Hey there,
I’m using Dataset.from_generator() to convert a torch_dataset to the Huggingface Dataset.
However, when I debug my code on vscode, I find that it runs really slow on Dataset.from_generator() which may even 10 times longer then run the script on terminal.
Here is a simple test I tried:
import os
from functools import partial
from typing import Callable
import torch
import time
from torch.utils.data import Dataset as TorchDataset
from datasets import load_from_disk, Dataset as HFDataset
import torch
from torch.utils.data import Dataset
class SimpleDataset(Dataset):
def __init__(self, data):
self.data = data
self.keys = list(data[0].keys())
def __len__(self):
return len(self.data)
def __getitem__(self, index):
sample = self.data[index]
return {key: sample[key] for key in self.keys}
def TorchDataset2HuggingfaceDataset(torch_dataset: TorchDataset, cache_dir: str = None
) -> HFDataset:
"""
convert torch dataset to huggingface dataset
"""
generator : Callable[[], TorchDataset] = lambda: (sample for sample in torch_dataset)
return HFDataset.from_generator(generator, cache_dir=cache_dir)

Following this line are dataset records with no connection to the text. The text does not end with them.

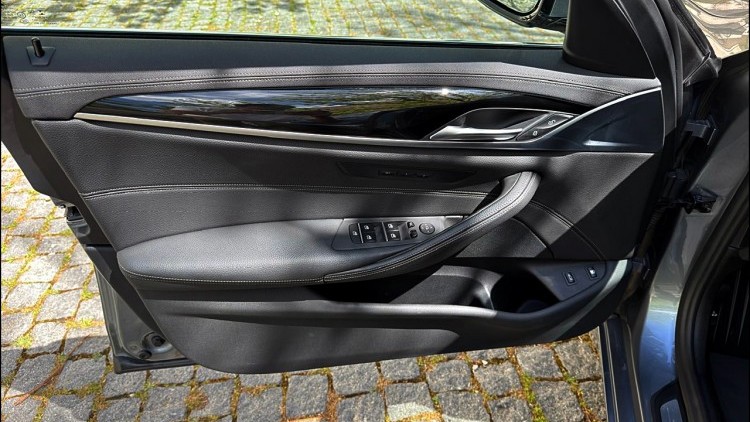 BMW S&eacute;rie 5 - 530 e Hibrido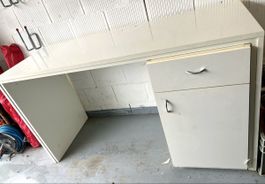 Weisser Arbeitstisch aus Holz mit Gebrauchsspuren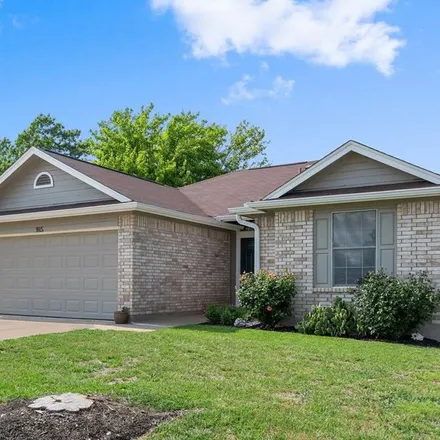 Rent this 3 bed apartment on 967 Lantana Lane in Leander, TX 78641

if __name__ == '__main__':
data = [
{'id': 1, 'name': 'Alice'},
{'id': 2, 'name': 'Bob'},
{'id': 3, 'name': 'Charlie'}
]
torch_dataset = SimpleDataset(data)
start_time = time.time()
huggingface_dataset = TorchDataset2HuggingfaceDataset(torch_dataset)
end_time = time.time()
print("time: ", end_time - start_time)
print(huggingface_dataset)
this test on my machine report that the running time on terminal is 0.086,
however the running time in debugging mode on vscode is 0.25, which I think is much longer than expected.
I’d like to know is the anything wrong in the code or just because of debugging?
I have traced the code and I find is this func which I get stuck.
In datasets.builder.BuilderCofing
def create_config_id(
self,
config_kwargs: dict,
custom_features: Optional[Features] = None,
) -> str:
...
# stuck in this line
suffix = Hasher.hash(config_kwargs_to_add_to_suffix)
Thanks for you help.